Exercise. Extract, exactly as written, each line from the start of the records below to the line containing "Red Coral Turquoise stone bracelet", both ends included; drop the pictures.

Source records.
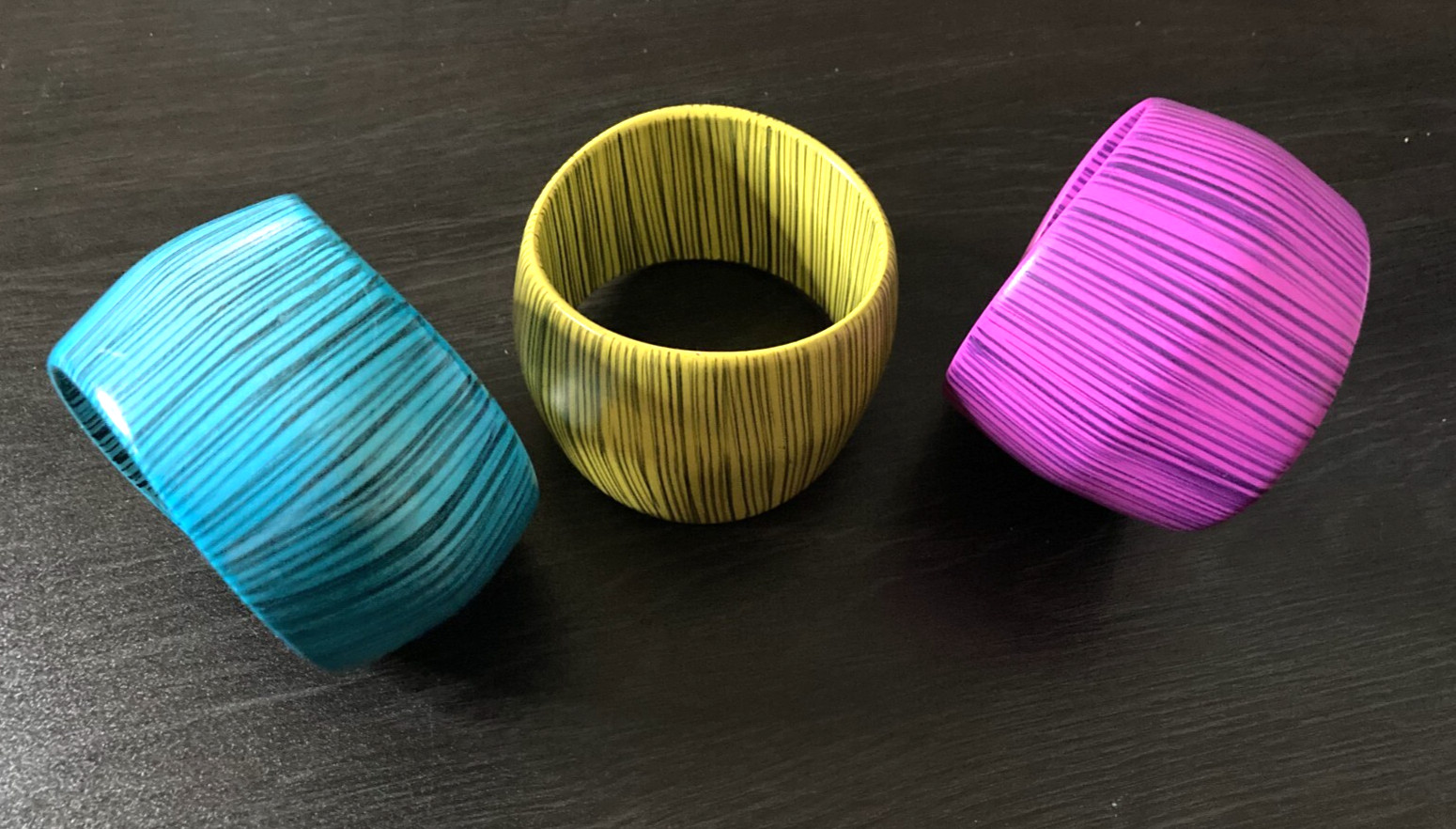 Yellow Bangle Bracelet - image 11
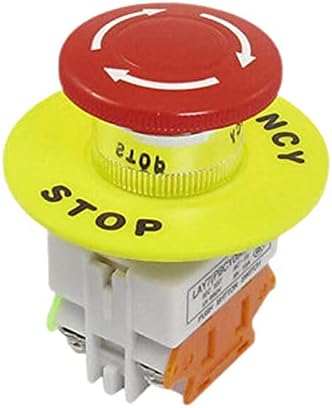 SVAPO כובע פטריות אדום 1 לא 1NC DPST עצירת חירום לחיצה על כפתור כפתור AC 660V 10A ציוד מתג מעלית
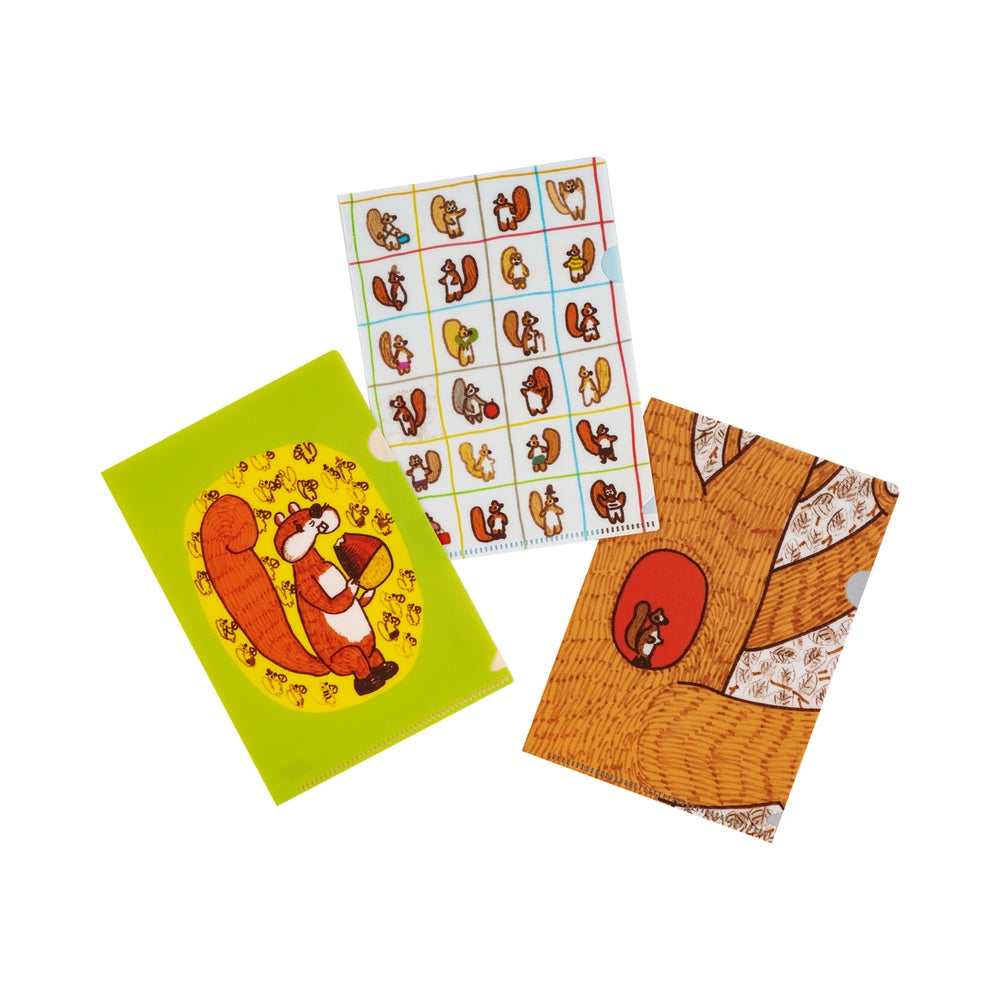 100%ORANGE: Squirrel’s Moving Day Folders《Set of 3 | A6 Size》 · Hobonichi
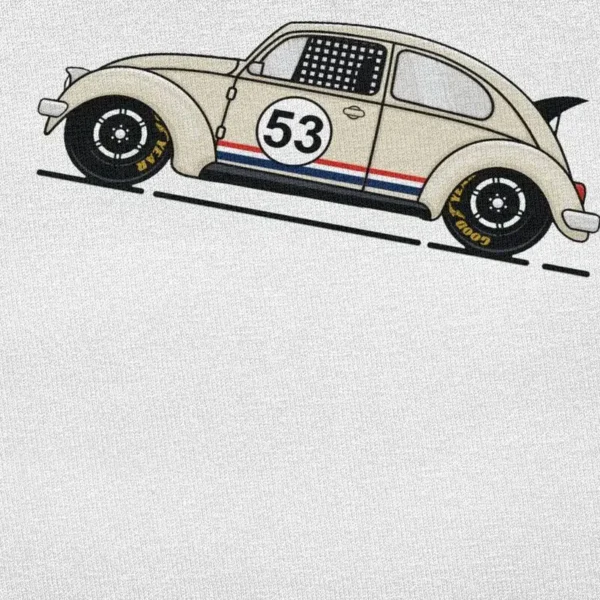 Custom Kawaii Classic Racing Car Herbie T Shirts Men Short Sleeve T-shirts Printed Tee Soft Cotton Oversized Tshirt Merchandise - Image 4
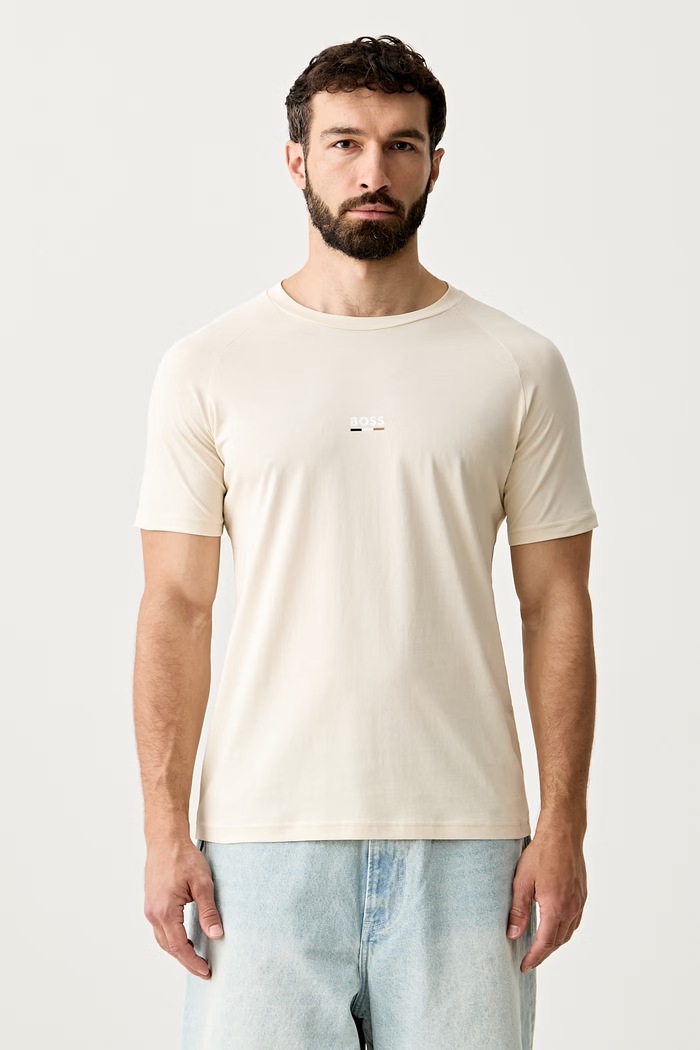 BOSS tricou pentru bărbați T-Shirt RN Slim Fit bej 50517970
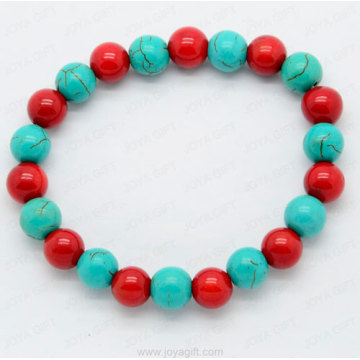 Red Coral Turquoise stone bracelet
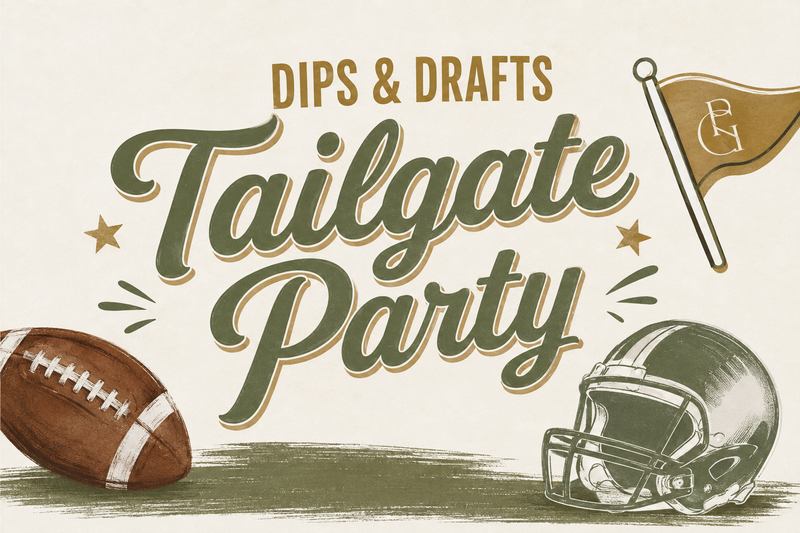 Dips & Drafts Tailgate Party — Rep your favorite team and join your neighbors for the ultimate gameday hangout! Enjoy great food, cold drinks, and good company as we kick back and celebrate football season together. Please express interest - it helps us plan better! Plus, you'll get reminders.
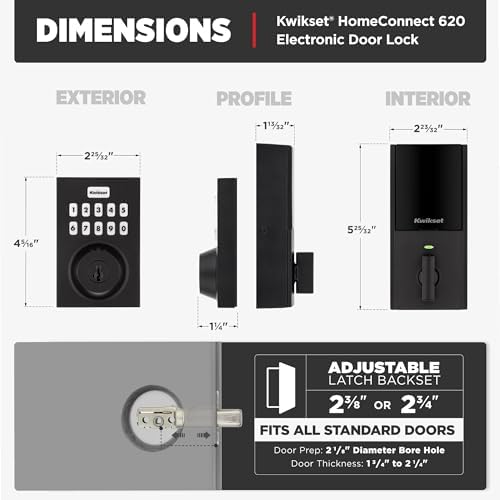 Kwikset HomeConnect 620 Z-Wave Long Range Keypad Smart Lock Keyless Entry
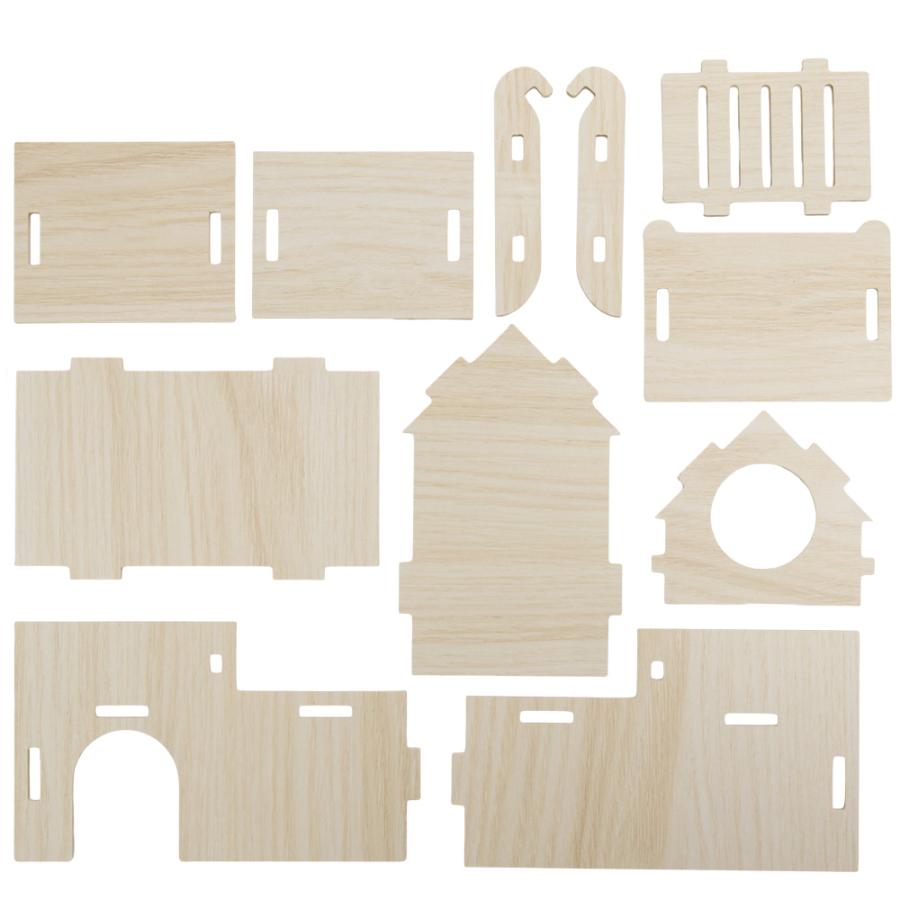 ハムスター用　組み立て式　２階建てのお家　ハウス | Leaf Corp | 03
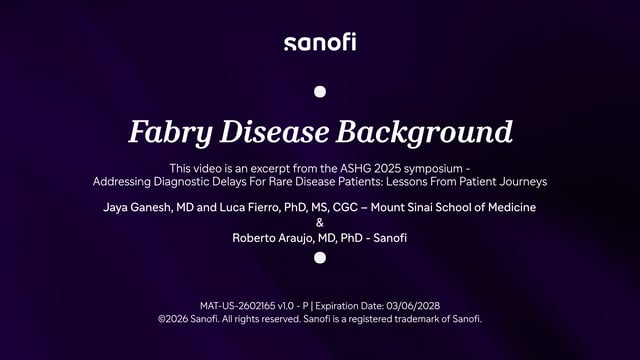 Fabry disease background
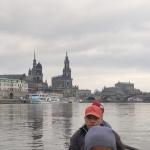 Dresden Stadtdurchfahrt mit dem RUderboot Maerz 2024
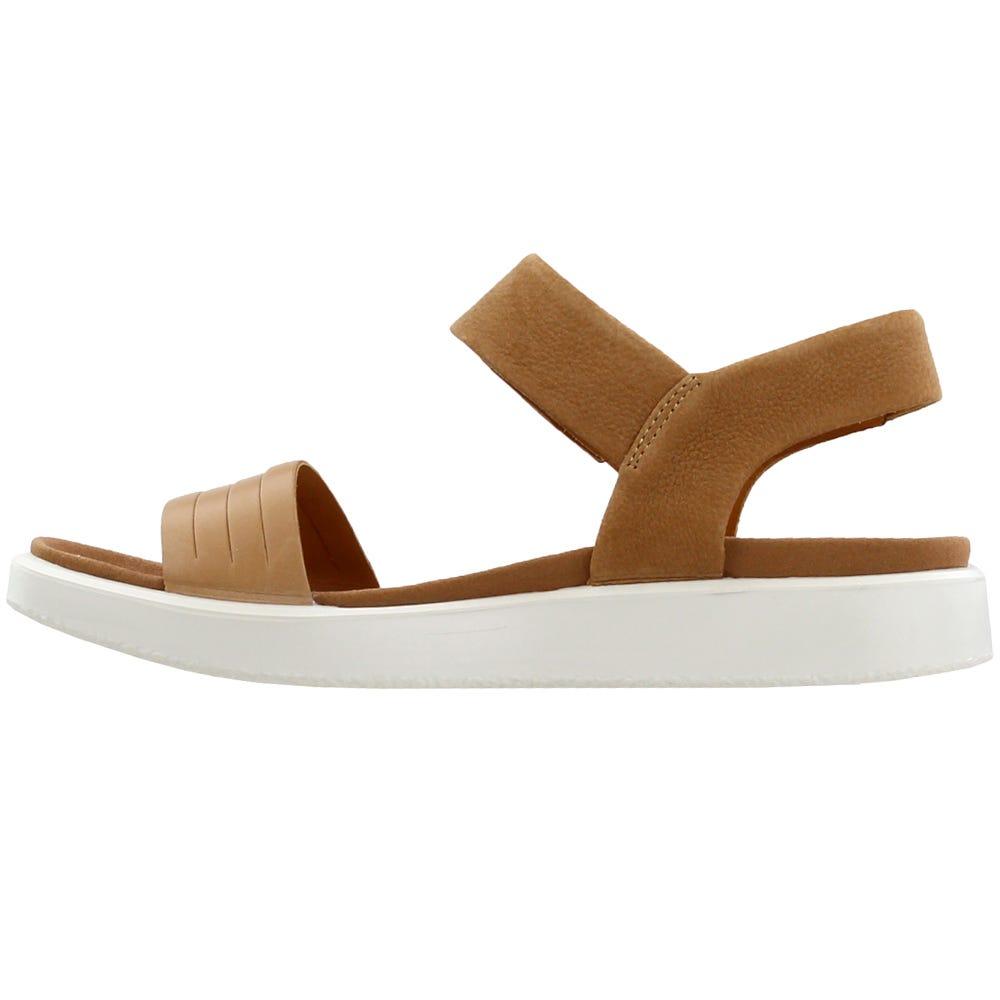 Ecco Leather Flowt Strap Sandal in Brown - Save 35% | Lyst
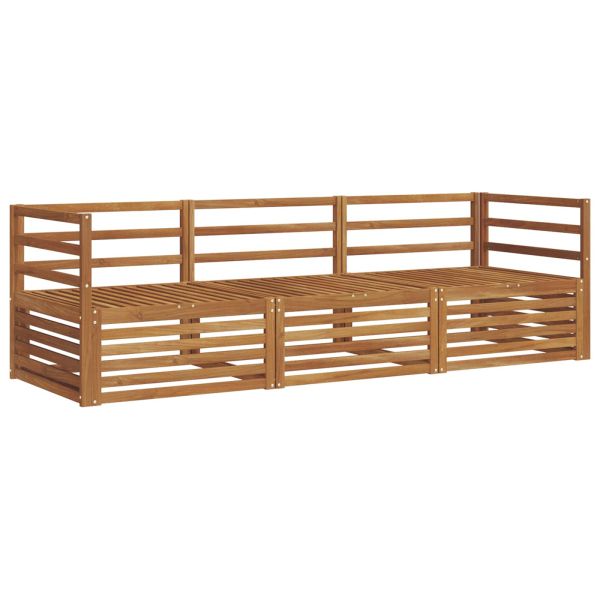 Комплект дивани за открито 3 pcs Естествен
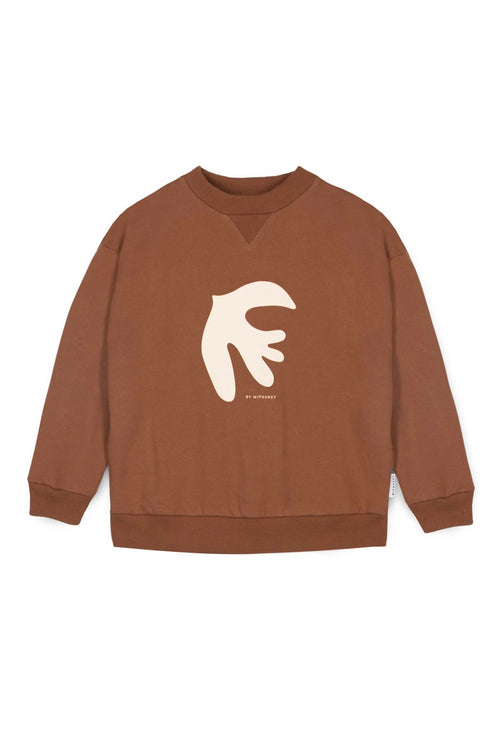 Sweatshirt Alex Bird - Brun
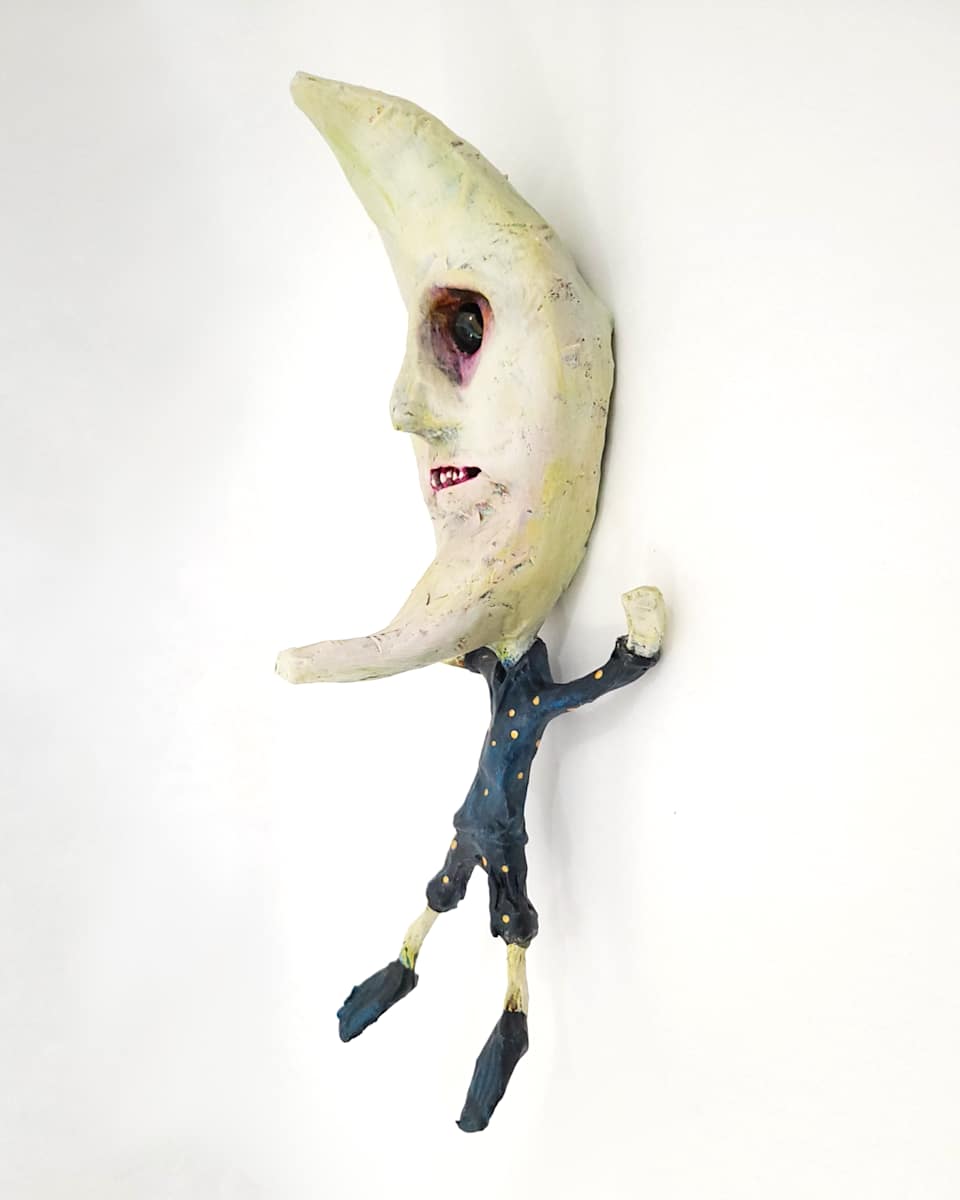 Pillsbury the Crescent Moon - wall folk by ocasiocasa, Image 1.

Task response.
 Yellow Bangle Bracelet - image 11
 SVAPO כובע פטריות אדום 1 לא 1NC DPST עצירת חירום לחיצה על כפתור כפתור AC 660V 10A ציוד מתג מעלית
 100%ORANGE: Squirrel’s Moving Day Folders《Set of 3 | A6 Size》 · Hobonichi
 Custom Kawaii Classic Racing Car Herbie T Shirts Men Short Sleeve T-shirts Printed Tee Soft Cotton Oversized Tshirt Merchandise - Image 4
 BOSS tricou pentru bărbați T-Shirt RN Slim Fit bej 50517970
 Red Coral Turquoise stone bracelet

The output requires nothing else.